Que sçay-je si je serois tousjours Maistre de mes transports et de ma passion ? je
l'ay sans doute esté jusques icy ? mais je ne voyois pas Abradate heureux, et je ne
voyois pas la Princesse en sa possession. Il vaut donc bien mieux que je meure, que
de troubler la felicité d'une personne qui seulement en n'aimant rien, eust pû faire
toute la mienne. Qui vit jamais, nous disoit il, un plus pitoyable destin ? je ne
voulois autre chose pour estre content, sinon que pas un de mes Rivaux ne le fust :
et cependant je n'ay pû obtenir cét avantage de la Fortune. je m'estois resolu à
cacher toute ma vie ma passion. j'avois obtenu de moy, de ne desirer mesme pas
d'estre aimé, et de me satisfaire de la seule estime de Panthée : mais quoy que je
me fusse renfermé dans des bornes si estroites, que jamais nul autre Amant n'a esté
capable de faire une pareille chose, il se trouve pourtant que j'ay encore trop
desiré : et qu'Abradate enfin va estre aussi heureux que je suis miserable. Du moins,
luy dis-je, avez vous cette consolation, de voir que vous ne pouvez vous pleindre ny
de vostre Rival, ny de la personne que vous aimez : ha Pherenice, s'escria t'il,
ce que vous croyez qui me doit consoler, est ce qui fait mon plus grand desespoir !

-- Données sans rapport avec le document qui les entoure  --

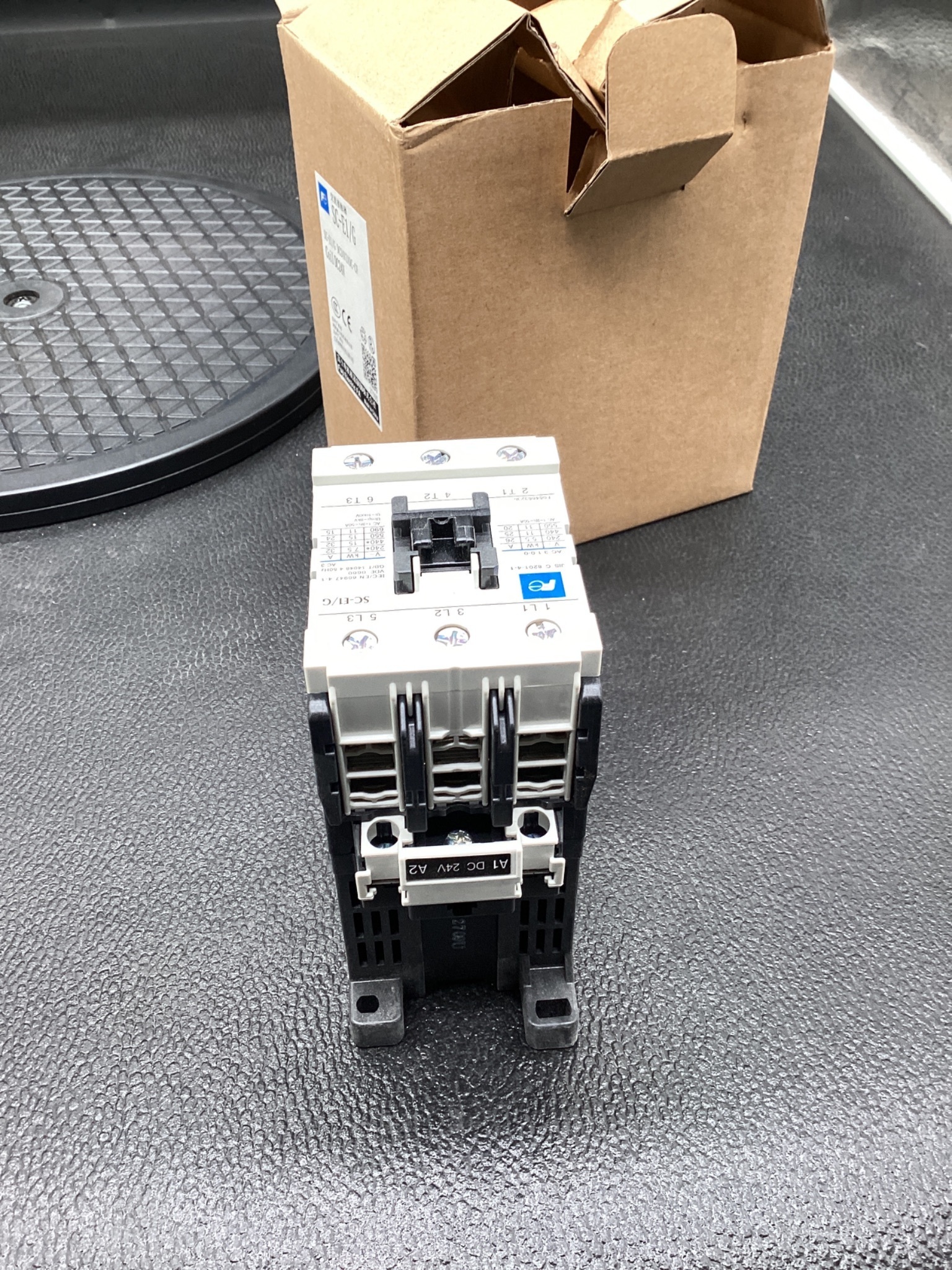 FUJI ELECTRIC SC-E1/G DC24VZADC-CF Magnetic Contactor 24VDC Coil NEW 3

estant certain que je serois bien moins à pleindre, si je me pleignois avec justice,
de quelque autre que de moy. Mais puis que vous
connoissez encore la raison, reprit Doralise, pour-quoy ne la suivez vous
pas ? c'est parce, repliqua t'il, que je suis Esclave sans estre aveugle. Je voy
sans doute bien le chemin qu'il faudroit prendre, pour recouvrer ma liberté : mais
les chaines qui m'attachent sont trop fortes pour les pouvoir rompre : il n'y a que
la mort seulement qui le puisse faire : c'est pourquoy si vous estes autant de mes
Amies que je vous le croy, vous ne m'accuserez plus, et ne me parlerez plus de
vivre. j'ay pourtant une grace à vous demander (mous dit il, d'une maniere à
attendrir le coeur le plus dur) que le vous conjure de ne me refuser pas : c'est de
trouver, s'il est possible, quelque pretexte pour faire en sorte que l'adorable
Panthée n'espouse du moins Abradate, que le lendemain de ma mort
Le terme, adjousta t'il, ne sera pas bien long : car si je ne me trompe, je ne
vivray pas encore quatre jours. l'eusse aussi fort souhaité, poursuivit il, pouvoir
encore une fois jouïr de la veuë de nostre Princesse : mais ce seroit en demander
trop pour un malheureux. je vous advoüe, Madame, qu'entendant parler Perinthe de
cette sorte, Doralise et moy en fusmes si touchées, qu'il nous fut impossible de
retenir nos larmes : nous plurasmes donc aveque luy, voyant que nous n'y pouvions
rien gagner : et nous le quitasmes, avec promesse de le revenir voir. Nous fismes
pourtant tout ce que nous pusmes pour le consoler, auparavant que de partir, mais ce
fut inutilement.
Abradate, Doralise et Pherenice convainquent Panthée de rendre visite à Perinthe.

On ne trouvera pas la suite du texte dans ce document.